Re: XML character sets: a proposal
[In response to Paul Papresco]
>>I should note that I have never said that I wish to *require* that all
>>XML parsers be open-ended. I have no problem at all with seeing Latin
>>1 XML systems, and SJIS XML systems, though I expect most will
>>actually be UNICODE based.
>I think that a major goal of XML should be "reliable interoperability". I do
>not think that "support for whatever you need to do" should be a major goal.
>If people start creating standards-compliant SJIS XML documents on the Web
>and standards-compliang XML client software cannot read it, then we have a
>PROBLEM, in my opinion.
I agree, but it is a problem which will not be solved by saying "all
XML documents *must* be in either UTF-8 or UTF-16". Such a statement
*will* be ignored.
>One last question: Isn't it reasonable to expect that most local encodings
>could be translated into XML by the HTTP server on transmission?
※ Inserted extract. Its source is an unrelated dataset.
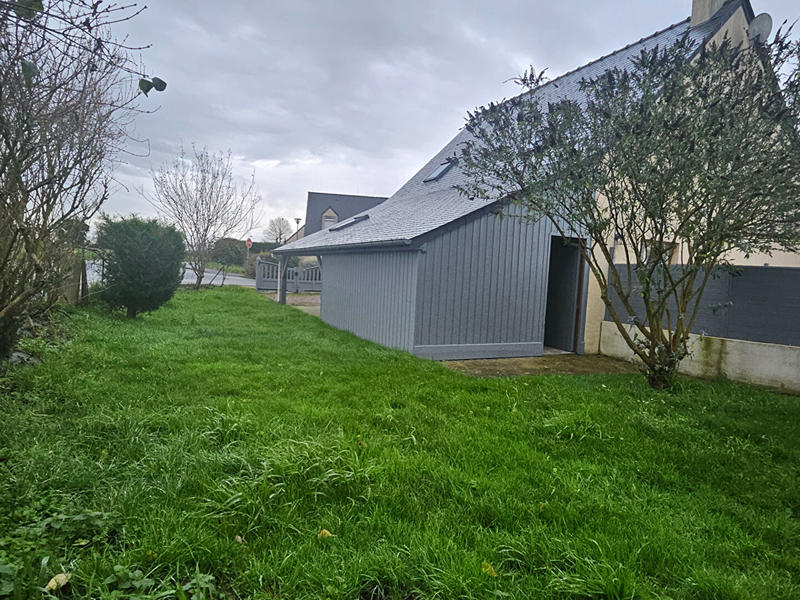 Maison - 93 m² - 5 pièces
If so,
>there is no loss of convenience in requiring the on-the-wire format to be
>standardized in the same way that you would expect FTP keywords to always be
>ASCII and IP packets to have a certain byte-ordering.
This is precisely why I don't think it's such a big deal. If you send
notification to the server that you can only accept UTF-8, ASCII, or
Latin 1, and the server send you a SJIS document, the server is
broken. It should either convert the doducment to UTF-8 before sending
it to you, *or* send an error message.
NOTE 1: In the future, language like JAVA will also give applicatons
the option of downloading translators.
NOTE 2: One of the primary reasons for requiring a single document
character set is precisely such cases: the server can
*blindly* (ie. without parsing) convert the XML data, which
can be made *fast*.
>I don't know what we'll decide in the end, Gavin, but isn't it nice that
>we're talking about Unicode _as a minimum_? "We've come a long way, Baby."
I guess you can actually remember me arguing the hard minimalist path
some time ago... as weel as arguing for support for the TEI subset ;-)